We think that to achieve this, mothers must have an important external help and guidance: specialists who help them with extraction techniques and emotionally support them. They should also be offered support to be able to make the decision to stop breastfeeding if it becomes a burden. These women should explore the possibility of re-lactation (restarting breastfeeding after a gap), wet nursing (another woman breastfeeding or caring for your child) or using donor human milk. Which approach to use will depend on cultural context, acceptability, and the availability of support services. In our study, out of 11 symptomatic patients, nine mothers required temporary separation mother-baby. In these cases, newborns were transfer to the neonatology unit. During this period, 50% of mothers with mild symptoms required supplementing their newborns for 48 h. At the end of the follow-up period, close to 65% of symptomatic mothers with COVID-19 breastfeed their babies: 6 exclusive breastfeeding and 1 supplementing with infant formula.
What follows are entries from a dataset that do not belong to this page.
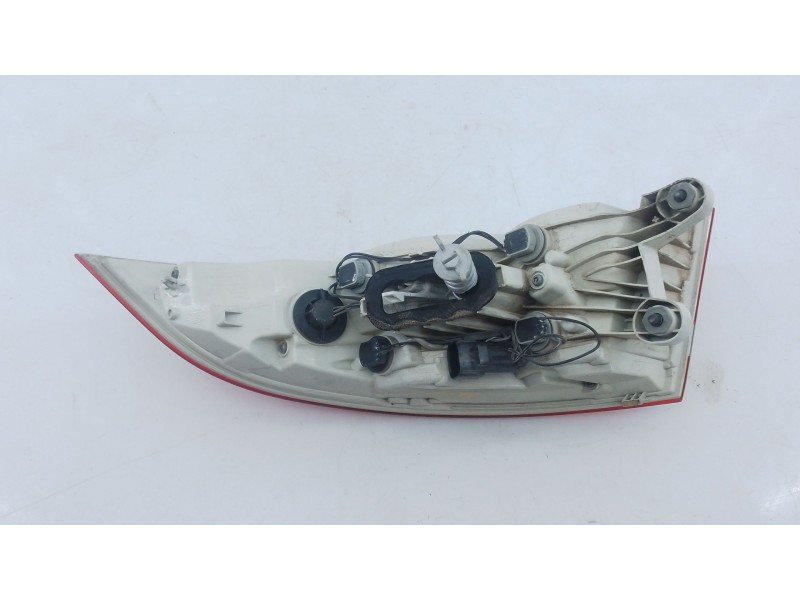 Recambio de piloto trasero izquierdo para jaguar xe (x760) 2.0 d referencia OEM IAM   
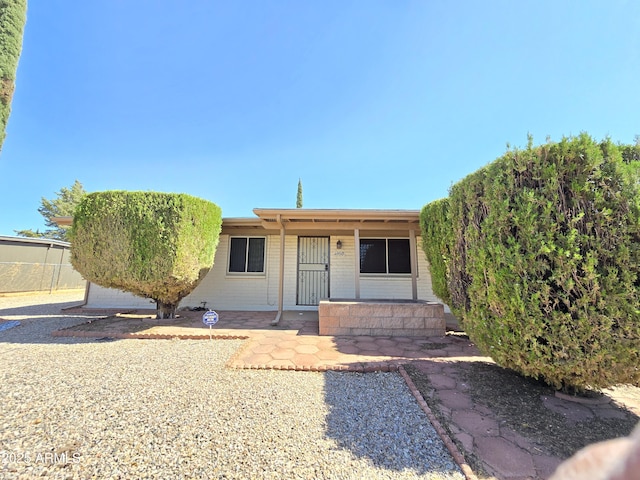 4950 Raffaele Dr, Sierra Vista, AZ 85635 - single story home featuring covered porch and brick siding
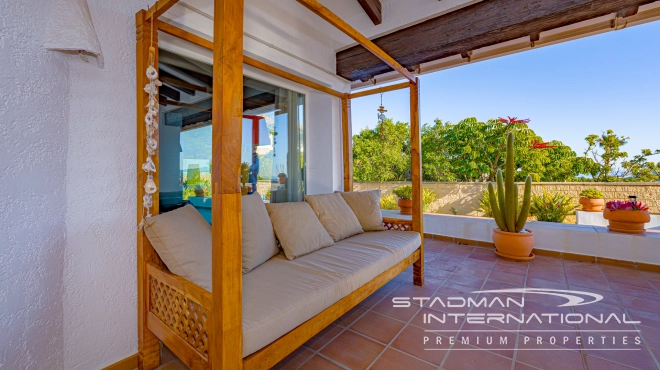 Elegante benerdige Villa mit herrlichem Meerblick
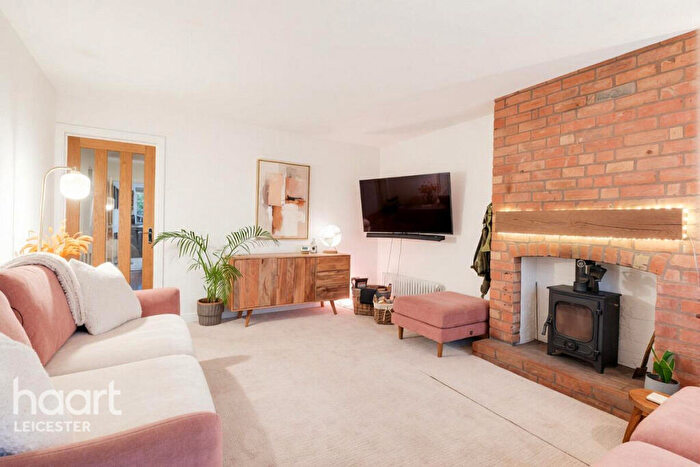 2 Bedroom End Of Terrace House To Rent In Gladstone Street, Leicester, LE8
c) The third issue is how to manage breastfeeding while the newborn is admitted inside the NICU. In these cases, two special challenges are going to be presented to the COVID-19 mothers; the first that they must be isolated and will not be allowed to visit the neonatal units due to the risk of contagion (NICU or ICU admission rate was between 16 to 18 days). And the second, that even if they express their milk and follow the recommendations of the WHO and IHAN, the professionals responsible for their newborns may not accept it because of the risk that the milk or its containers are contaminated. Again, in this situation, emotional support for these mothers must be always offered. In our experience, achieving exclusive breastfeeding is possible even though the infants were admitted or isolated for prolonged periods; the infants of cases 1, 2 and 3 ended up with exclusive breastfeeding after a feed gap were a combination of pasteurized donor human milk and mother’s expressed breast milk was given to them.
In summary, despite all difficulties, 82% of newborns to mothers with COVID-19 were breastfed for the first month, decreasing to 77% at 1.8 months, being 73% of them exclusive breastfeeding, although more than a third of them required complementary breastfeeding temporarily. This event occurred with minimal maternal and newborn complications, and no neonates were infected during breastfeeding.